Directions for this task
Go to the line holding "1BDR Seaview Apartment in Costa Adeje" in the entries below and write out exactly every line down to and including the line holding "842 S Hampton Road, Columbus, OH 43227".

(Input data begins)

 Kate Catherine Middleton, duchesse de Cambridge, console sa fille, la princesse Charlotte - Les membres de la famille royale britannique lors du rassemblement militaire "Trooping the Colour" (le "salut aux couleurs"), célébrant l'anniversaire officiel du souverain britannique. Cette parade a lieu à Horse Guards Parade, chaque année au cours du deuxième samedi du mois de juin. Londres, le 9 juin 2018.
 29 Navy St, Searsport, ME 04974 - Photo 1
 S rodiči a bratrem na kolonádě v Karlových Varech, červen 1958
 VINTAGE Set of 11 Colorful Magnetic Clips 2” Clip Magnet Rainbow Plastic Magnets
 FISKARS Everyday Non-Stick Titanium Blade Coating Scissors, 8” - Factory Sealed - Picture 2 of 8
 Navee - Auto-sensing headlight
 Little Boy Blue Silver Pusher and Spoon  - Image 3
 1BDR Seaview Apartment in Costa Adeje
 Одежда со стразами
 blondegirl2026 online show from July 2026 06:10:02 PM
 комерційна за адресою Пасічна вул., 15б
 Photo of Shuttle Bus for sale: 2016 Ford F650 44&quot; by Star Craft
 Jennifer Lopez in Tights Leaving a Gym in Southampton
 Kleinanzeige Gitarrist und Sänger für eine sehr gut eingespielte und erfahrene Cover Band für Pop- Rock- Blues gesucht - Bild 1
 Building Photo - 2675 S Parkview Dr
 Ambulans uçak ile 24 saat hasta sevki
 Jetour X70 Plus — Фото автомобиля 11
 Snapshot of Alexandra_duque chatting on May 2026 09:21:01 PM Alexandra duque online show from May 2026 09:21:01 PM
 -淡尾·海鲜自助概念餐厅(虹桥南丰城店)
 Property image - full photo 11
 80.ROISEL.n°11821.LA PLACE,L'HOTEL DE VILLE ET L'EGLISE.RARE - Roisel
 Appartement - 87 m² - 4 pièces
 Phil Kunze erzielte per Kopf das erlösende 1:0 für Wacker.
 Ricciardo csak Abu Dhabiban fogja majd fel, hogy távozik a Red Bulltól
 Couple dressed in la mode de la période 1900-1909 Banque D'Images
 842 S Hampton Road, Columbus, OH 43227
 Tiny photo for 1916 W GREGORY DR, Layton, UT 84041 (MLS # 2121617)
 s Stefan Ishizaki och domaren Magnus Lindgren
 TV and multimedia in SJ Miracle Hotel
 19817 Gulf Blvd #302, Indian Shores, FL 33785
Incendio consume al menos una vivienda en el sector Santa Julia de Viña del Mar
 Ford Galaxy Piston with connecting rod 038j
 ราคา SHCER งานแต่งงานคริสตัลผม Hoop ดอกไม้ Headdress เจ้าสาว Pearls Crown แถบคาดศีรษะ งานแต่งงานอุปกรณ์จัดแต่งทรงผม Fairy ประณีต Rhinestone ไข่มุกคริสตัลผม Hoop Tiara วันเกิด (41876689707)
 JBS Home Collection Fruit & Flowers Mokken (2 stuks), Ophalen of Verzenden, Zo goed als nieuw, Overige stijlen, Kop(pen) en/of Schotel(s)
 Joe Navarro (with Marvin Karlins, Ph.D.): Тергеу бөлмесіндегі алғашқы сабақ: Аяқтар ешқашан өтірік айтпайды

(Input data ends)

Solved problem
 1BDR Seaview Apartment in Costa Adeje
 Одежда со стразами
 blondegirl2026 online show from July 2026 06:10:02 PM
 комерційна за адресою Пасічна вул., 15б
 Photo of Shuttle Bus for sale: 2016 Ford F650 44&quot; by Star Craft
 Jennifer Lopez in Tights Leaving a Gym in Southampton
 Kleinanzeige Gitarrist und Sänger für eine sehr gut eingespielte und erfahrene Cover Band für Pop- Rock- Blues gesucht - Bild 1
 Building Photo - 2675 S Parkview Dr
 Ambulans uçak ile 24 saat hasta sevki
 Jetour X70 Plus — Фото автомобиля 11
 Snapshot of Alexandra_duque chatting on May 2026 09:21:01 PM Alexandra duque online show from May 2026 09:21:01 PM
 -淡尾·海鲜自助概念餐厅(虹桥南丰城店)
 Property image - full photo 11
 80.ROISEL.n°11821.LA PLACE,L'HOTEL DE VILLE ET L'EGLISE.RARE - Roisel
 Appartement - 87 m² - 4 pièces
 Phil Kunze erzielte per Kopf das erlösende 1:0 für Wacker.
 Ricciardo csak Abu Dhabiban fogja majd fel, hogy távozik a Red Bulltól
 Couple dressed in la mode de la période 1900-1909 Banque D'Images
 842 S Hampton Road, Columbus, OH 43227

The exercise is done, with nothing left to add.